Vaping has grown very popular for multiple reasons over the last decade. It has become increasingly loved and has posed a great consumer competition to cigarettes, which back then used to be the most commonly used product for smoking. The nicotine-free vape is also the most commonly used product that helps to quit smoking. But as it becomes more and more relatable, there comes a very troublesome group of curious customers: the overly enthusiastic teenagers.
Regulators and legislators have used a variety of strategies in the e-cigarette shop, both offline and online to keep adolescents away from vapour products. As of now the most common method used for regulating the product has been through determining how old you have to be to buy vape products like vape pens and liquids.
As with alcohol, enforcing a legal minimum sales age is pretty feasible and easy. This isn't the case for e-cigarettes. Nevertheless, it remains the most reliable way to reduce teen vaping. The power is given to the legislators on deciding how old you have to be to vape. Some limitations vary from country to country with regards to how old you have to be to purchase a vape. The penalties for retailers who break the law are also decided accordingly as in any case to enforce an age-to-purchase law isn’t easy.

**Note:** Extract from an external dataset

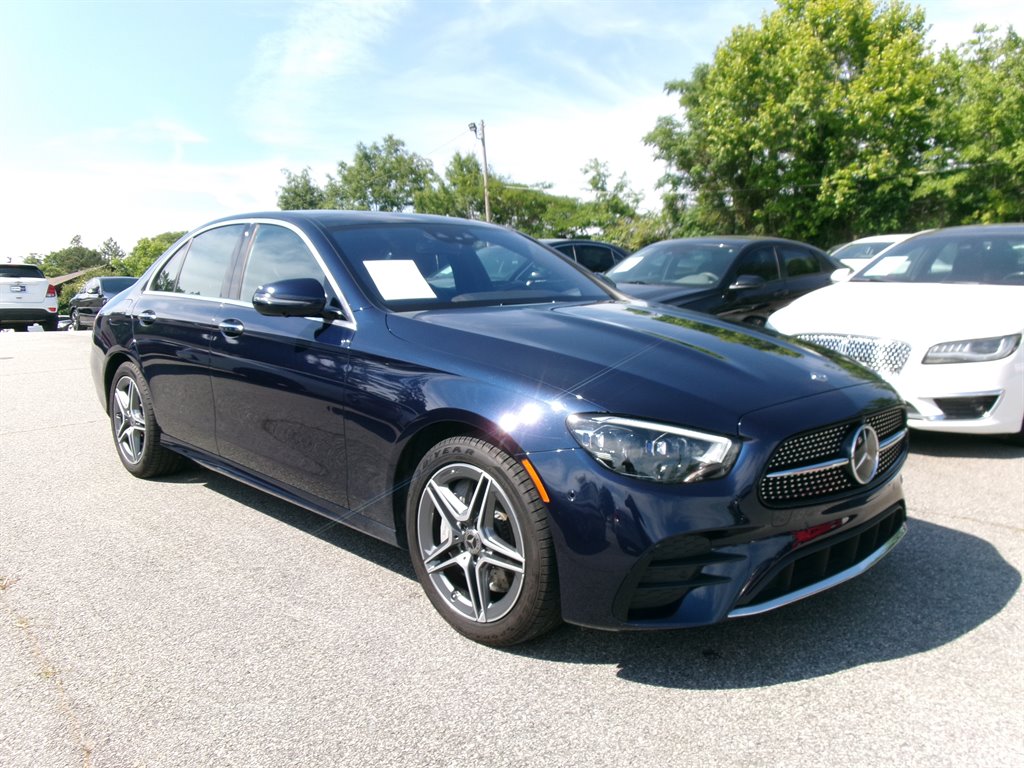 2021 Mercedes-Benz E-Class - $26,995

When it comes to determining the legal age, in most countries, vaping is either regulated as a tobacco product. There are even places where it isn’t specifically regulated at all. In some countries, vapour products are banned whereas in other countries it isn't. In the nations that regulate e-cigarettes, the legal age to purchase or consume the e-cigarette is generally considered to be of the same age at which citizens are considered adults, which is mostly eighteen. For instance, in the United States—the largest known vaping market in the world—the legal vaping age is now kept at twenty-one.